This week it was back to school again.
Introduction to IBM Mobile Foundation was the thing to learn and it was kinda fun. What I did not know, you can ask IBM to alter the course schedule, just because you claim to be important. Somebody asked to do all the presentation stuff on one day and the labs the next day. This is pure hell. Sitting through 7 hours of presentation isn’t something you want to happen to your worst enemy (no, the rumors are not true, I did not fall asleep, but it was close). I don’t know who made our life a misery, but if it is the one I suspect, he wasn’t there half the time anyway, because he had such important phone calls all the time (don’t forget, if you die while serving your company, they just shove your dead carcass out of the building and somebody else takes your chair before it is cold. YOU ARE BY FAR NOT AS IMPORTANT AS YOU MIGHT THINK).
Back to mobile foundations. Do you know something about all that app stuff and how to use that around your company? No? Have a look at IBM Worklight, IBM Cast Iron and IBM Endpoint manager – together called „Mobile Foundation“.
Use it to develop mobile apps, manage devices and integration. As for me, I finally get the grips with mobile technology, which goes far beyond developing an app and throwing it to the app store. Especially since you want to minimize the cost of developing and managing a lot of different devices. IBM Worklight lets you develop an app once for several devices, with a few tweaks here and there, and helps you deploy and control updates. It’s based on Eclipse and you go through the usual hell, until you find all the bits and pieces. But for all of you out there doing Java Script, here is the tool you might want to look at to get into mobile development. Java and Objective-C are still a requirement, if you want to use some features of the devices, but Cordoba can at least help you there.

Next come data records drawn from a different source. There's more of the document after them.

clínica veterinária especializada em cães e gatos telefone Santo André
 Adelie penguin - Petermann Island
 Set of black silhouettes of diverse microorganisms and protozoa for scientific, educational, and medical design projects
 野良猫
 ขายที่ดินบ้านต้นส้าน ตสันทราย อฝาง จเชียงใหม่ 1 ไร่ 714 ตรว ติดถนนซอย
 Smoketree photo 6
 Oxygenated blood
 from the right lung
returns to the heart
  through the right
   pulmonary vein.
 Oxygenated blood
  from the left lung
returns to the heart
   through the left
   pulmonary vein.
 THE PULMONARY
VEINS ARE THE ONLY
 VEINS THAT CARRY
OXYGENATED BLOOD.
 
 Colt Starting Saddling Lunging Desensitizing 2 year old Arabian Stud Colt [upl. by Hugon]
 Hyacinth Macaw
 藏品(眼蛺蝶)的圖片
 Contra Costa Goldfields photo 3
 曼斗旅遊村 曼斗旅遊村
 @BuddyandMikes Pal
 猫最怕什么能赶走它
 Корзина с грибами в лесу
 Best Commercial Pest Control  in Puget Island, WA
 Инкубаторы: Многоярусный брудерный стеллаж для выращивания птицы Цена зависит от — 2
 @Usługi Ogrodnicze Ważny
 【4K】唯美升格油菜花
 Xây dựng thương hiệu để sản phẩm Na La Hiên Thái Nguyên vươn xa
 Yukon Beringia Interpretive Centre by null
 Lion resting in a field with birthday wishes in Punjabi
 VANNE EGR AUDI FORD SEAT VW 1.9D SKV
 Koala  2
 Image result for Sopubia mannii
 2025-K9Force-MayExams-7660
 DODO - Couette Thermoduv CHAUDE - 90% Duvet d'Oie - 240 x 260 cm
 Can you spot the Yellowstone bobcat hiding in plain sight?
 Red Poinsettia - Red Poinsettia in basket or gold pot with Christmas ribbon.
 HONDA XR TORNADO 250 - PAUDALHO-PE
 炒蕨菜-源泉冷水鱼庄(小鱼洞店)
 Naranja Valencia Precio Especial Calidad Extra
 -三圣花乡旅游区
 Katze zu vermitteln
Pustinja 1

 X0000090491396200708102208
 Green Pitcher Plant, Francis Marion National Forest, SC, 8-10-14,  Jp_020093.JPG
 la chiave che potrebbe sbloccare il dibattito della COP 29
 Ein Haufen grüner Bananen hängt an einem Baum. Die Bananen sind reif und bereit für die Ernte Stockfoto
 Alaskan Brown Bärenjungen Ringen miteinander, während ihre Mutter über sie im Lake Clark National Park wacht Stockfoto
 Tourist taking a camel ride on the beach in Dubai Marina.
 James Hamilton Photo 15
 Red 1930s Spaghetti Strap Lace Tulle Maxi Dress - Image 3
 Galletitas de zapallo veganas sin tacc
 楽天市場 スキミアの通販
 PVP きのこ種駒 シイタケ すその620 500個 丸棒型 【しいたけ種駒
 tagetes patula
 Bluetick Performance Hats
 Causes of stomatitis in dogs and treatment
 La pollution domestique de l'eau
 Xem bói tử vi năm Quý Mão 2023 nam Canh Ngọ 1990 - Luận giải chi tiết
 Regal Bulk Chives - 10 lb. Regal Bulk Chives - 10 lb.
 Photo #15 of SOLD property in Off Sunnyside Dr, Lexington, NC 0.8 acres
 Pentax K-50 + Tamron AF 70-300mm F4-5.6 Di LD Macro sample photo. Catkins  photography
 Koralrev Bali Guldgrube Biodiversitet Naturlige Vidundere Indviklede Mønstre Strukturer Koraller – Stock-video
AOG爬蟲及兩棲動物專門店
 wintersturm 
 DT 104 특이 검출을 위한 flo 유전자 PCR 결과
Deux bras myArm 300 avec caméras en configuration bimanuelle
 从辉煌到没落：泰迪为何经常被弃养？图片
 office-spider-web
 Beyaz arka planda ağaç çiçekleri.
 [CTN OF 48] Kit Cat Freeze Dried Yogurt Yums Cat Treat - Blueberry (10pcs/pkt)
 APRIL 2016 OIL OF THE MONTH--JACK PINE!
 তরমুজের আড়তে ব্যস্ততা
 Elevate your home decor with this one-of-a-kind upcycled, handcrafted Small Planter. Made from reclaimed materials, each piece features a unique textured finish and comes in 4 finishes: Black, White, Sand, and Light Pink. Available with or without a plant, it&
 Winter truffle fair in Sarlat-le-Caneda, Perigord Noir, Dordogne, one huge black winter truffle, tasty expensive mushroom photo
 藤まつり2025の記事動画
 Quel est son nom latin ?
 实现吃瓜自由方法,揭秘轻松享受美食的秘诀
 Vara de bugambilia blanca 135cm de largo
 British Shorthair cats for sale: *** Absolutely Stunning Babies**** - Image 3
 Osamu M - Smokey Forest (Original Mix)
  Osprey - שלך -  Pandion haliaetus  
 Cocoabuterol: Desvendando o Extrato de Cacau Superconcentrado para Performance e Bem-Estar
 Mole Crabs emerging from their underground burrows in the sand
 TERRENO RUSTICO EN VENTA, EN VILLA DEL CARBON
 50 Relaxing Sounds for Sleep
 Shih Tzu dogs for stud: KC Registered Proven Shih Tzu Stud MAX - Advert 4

Cast Iron just connects everything to everything (their words, not mine). It isn’t a full featured ESB, but for apps with the lower workload, it is a nice and fast solution. Not that the Lab I did made a lot of sense to me, but it looks like that thing is selling like hot cake. Certainly because with Cast Iron it often takes just days connecting data sources, instead of month and even years in a ESB system.
The last part in the puzzle is Tivoli Endpoint Manager, which allows you to nicely manage all the aspects I can think of and probably a few more.
Again, those were two very interesting days. Looks like, IBM somehow found out, that training people for free could make sense and sometimes products are so special (or complicated), I need hands-on time to grasp the sense behind it.